SSRI Therapy to Manage Depression in Patients With Hepatitis C Virus: A 72 Week Retrospective Study

Background and Purpose: Pegylated interferon used to treat and cure hepatitis C virus (HCV) is known to induce neuropsychiatric adverse effects, specifically cytokine-induced depression. Treatment guidelines for HCV require a mental health evaluation prior to the start of treatment.  Mental health professionals are tasked with management of cytokine-induced depression and indications for antidepressant therapy. Prior studies indicate viral cure of HCV may be associated with cytokine-induced depression. Though antidepressants are often used to treat cytokine-induced depression, it is uncertain whether anti-inflammatory properties of SSRIs used to treat cytokine-induced depression inadvertently contravene pro-inflammatory properties of pegylated interferon (Peg-IFN) in effect reducing therapeutic efficacy.  The purpose of this study was to determine whether SSRI therapy interferes with viral cure of HCV.
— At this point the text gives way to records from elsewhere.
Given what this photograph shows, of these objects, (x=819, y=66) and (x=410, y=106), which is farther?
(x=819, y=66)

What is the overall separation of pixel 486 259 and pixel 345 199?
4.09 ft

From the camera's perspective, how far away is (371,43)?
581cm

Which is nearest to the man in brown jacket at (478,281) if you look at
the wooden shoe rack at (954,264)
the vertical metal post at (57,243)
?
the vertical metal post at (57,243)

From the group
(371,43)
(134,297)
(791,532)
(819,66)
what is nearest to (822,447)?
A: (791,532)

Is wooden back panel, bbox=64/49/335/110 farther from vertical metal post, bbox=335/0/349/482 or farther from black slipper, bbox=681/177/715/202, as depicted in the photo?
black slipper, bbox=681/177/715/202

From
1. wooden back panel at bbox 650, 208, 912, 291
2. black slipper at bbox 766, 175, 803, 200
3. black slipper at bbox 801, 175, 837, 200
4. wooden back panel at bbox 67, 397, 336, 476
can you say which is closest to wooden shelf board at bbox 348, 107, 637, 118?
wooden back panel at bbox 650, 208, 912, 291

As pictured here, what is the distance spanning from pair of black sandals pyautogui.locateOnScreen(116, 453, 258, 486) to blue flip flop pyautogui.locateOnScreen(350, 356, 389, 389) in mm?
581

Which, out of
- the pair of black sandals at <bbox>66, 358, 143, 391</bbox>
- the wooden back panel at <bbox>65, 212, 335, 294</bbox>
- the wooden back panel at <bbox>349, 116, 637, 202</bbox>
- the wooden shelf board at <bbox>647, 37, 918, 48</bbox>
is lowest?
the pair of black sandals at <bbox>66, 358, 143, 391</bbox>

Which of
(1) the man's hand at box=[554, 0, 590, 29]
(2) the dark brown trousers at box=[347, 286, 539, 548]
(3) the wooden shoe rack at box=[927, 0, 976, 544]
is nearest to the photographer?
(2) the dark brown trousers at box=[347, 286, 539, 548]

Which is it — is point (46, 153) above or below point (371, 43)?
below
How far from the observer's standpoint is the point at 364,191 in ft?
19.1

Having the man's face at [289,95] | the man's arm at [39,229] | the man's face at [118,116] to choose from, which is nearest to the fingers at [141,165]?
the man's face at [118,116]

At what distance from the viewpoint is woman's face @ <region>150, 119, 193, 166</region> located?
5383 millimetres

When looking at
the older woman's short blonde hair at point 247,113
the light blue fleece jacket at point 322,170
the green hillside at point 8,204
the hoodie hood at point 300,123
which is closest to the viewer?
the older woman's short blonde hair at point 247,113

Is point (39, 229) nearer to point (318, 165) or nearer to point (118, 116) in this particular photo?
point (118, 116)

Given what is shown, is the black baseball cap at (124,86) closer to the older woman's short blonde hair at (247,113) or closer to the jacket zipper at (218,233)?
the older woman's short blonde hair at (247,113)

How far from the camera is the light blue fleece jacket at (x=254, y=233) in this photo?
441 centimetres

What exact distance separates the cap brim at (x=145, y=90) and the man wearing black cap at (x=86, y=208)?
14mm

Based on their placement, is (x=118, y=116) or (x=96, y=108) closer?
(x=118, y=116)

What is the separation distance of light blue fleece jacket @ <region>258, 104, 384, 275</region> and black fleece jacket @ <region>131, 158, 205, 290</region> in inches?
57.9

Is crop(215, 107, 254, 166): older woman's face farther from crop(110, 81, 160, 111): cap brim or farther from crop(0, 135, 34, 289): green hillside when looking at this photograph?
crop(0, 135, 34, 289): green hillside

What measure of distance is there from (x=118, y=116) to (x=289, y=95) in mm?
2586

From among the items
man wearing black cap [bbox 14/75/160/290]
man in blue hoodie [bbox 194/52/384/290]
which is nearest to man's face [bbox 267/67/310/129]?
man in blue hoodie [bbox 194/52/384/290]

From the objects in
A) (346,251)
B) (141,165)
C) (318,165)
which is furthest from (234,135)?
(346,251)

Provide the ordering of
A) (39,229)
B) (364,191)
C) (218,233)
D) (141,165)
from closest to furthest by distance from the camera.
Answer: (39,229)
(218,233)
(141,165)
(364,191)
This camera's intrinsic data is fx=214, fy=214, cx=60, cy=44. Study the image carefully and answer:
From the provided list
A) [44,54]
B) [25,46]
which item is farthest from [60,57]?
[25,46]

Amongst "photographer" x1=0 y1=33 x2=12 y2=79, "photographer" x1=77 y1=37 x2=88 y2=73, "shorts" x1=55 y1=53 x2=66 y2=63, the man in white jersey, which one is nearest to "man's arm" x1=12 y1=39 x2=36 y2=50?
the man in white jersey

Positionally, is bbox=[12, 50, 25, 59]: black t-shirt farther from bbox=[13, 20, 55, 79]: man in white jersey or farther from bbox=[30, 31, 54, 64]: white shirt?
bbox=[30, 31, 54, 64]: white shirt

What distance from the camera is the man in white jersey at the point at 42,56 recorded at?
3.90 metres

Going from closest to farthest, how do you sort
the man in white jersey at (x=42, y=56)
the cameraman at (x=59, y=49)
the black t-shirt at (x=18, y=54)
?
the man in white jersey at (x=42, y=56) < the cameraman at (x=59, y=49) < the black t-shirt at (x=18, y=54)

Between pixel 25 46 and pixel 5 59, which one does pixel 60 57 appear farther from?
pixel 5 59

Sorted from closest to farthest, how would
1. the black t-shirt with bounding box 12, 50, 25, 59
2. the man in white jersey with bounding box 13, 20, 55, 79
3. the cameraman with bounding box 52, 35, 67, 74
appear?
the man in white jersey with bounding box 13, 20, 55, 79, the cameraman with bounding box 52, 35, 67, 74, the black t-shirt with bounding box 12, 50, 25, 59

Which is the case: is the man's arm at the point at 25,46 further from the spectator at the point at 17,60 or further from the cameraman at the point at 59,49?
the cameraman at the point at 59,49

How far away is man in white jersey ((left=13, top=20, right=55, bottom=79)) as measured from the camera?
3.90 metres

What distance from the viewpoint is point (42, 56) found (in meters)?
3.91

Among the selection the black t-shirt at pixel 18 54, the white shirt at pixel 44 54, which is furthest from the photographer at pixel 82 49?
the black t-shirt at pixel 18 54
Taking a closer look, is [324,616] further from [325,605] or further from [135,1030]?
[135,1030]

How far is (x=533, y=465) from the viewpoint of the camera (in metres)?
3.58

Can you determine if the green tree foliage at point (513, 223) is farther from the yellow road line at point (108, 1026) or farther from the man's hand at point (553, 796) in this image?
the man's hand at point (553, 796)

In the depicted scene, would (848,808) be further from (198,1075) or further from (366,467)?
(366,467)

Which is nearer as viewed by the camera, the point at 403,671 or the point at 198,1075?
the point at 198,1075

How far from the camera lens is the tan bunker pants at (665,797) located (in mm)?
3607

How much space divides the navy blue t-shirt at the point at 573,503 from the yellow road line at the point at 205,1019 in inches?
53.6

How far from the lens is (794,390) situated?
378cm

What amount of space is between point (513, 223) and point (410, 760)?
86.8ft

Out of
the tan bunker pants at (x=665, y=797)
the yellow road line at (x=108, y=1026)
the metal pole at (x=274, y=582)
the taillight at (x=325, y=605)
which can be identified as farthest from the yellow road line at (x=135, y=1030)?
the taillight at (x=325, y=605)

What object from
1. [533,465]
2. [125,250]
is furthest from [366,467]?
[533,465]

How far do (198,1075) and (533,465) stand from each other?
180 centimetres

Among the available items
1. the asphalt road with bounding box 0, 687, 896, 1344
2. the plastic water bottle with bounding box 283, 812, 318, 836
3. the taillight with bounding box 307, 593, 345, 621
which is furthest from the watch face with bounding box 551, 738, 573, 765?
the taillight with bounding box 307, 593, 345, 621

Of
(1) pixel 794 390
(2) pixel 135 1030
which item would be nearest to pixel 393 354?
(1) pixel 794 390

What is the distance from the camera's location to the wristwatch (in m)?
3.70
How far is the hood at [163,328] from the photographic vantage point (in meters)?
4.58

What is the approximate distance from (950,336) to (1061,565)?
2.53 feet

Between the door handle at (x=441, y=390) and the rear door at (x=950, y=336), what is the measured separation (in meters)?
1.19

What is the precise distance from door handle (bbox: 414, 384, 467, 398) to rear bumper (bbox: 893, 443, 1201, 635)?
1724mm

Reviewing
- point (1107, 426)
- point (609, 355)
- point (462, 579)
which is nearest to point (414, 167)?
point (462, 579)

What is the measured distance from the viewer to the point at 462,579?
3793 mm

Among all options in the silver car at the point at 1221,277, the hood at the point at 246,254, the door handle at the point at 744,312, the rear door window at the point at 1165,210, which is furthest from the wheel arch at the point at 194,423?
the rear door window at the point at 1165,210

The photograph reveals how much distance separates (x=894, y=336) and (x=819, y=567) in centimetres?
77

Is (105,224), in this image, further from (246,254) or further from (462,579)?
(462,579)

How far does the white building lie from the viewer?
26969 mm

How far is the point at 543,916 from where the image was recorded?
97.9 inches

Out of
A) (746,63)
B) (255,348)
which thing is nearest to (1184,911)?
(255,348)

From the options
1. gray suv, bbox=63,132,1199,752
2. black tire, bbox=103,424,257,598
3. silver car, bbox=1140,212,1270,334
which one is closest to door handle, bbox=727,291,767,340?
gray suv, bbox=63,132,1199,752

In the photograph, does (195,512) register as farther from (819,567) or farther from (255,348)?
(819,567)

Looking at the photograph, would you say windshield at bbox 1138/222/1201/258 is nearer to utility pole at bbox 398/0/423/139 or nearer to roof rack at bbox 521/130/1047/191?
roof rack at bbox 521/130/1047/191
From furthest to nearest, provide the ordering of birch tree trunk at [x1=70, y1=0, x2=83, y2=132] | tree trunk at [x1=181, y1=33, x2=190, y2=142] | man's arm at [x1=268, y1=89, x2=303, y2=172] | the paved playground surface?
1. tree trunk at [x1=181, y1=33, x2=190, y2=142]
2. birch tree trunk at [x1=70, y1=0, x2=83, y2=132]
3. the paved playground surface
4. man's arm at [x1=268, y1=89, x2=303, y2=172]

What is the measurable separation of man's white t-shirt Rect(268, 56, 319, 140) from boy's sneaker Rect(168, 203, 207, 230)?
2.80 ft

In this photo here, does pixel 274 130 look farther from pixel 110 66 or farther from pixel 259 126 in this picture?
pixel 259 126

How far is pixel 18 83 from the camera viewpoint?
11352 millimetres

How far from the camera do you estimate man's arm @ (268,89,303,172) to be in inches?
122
Methods:  This was a retrospective cohort study that recruited patients from baseline (week 0) to follow up (week 72) who previously underwent and completed pegylated interferon treatment for HCV at a gastroenterology clinic in northeast Georgia. The sampling frame comprised a list of 456 patients with a HCV diagnosis attending this clinic. Patients meeting the following criteria were included in the study: HCV positive, received treatment, completed treatment, and returned for follow up. Patients were excluded from the study if they did not complete the prescribed treatment or completed treatment but failed to return for follow up. Approximately 240 (43%) patients received combination therapy for HCV but after applying inclusion and exclusion criteria only 46 (19%) were included in the study sample. The primary outcome was sustained virological response (SVR) and was measured by a laboratory test known as HCV by polymerase chain reaction. The exposure of interest in this study was treatment with SSRI therapy. Cytokine-induced depression was determined using self-reported neuropsychiatric symptoms recorded in the medical record. A bivariate analysis was performed to determine the relation between the primary outcome and SSRI use. A bivariate analysis stratified by cytokine-induced depression was performed to assess the effect of cytokine-induced depression on the outcome. Generalized estimating equations were used in a multivariate analysis to estimate change in HCV viral logs over time and to control for potential confounding variables. An autoregressive correlation matrix was used to account for the correlations of measurements over time.

Results: SSRI therapy did not adversely impact the proportion of patients achieving SVR (P=0.50), and neither did cytokine-induced depression (P=0.62). In a multivariate longitudinal analysis, the mean slope of HCV RNA levels declined faster over time in patients without cytokine-induced depression in comparison to patients with cytokine-induced depression (P=0.05), and the mean slope of HCV RNA levels declined similarly over time in patients with and without SSRI therapy.

Conclusions and Implications: In this retrospective cohort study, SSRI therapy did not interfere with immune activation dynamics of pegylated interferon, and patients without cytokine-induced depression developed quicker responses and suppressed HCV replication more favorably over time. This suggests mental health professionals may safely adopt a practice of recommending SSRI therapy to manage cytokine-induced depression with limited concerns of it adversely impacting likelihood of a viral cure of HCV.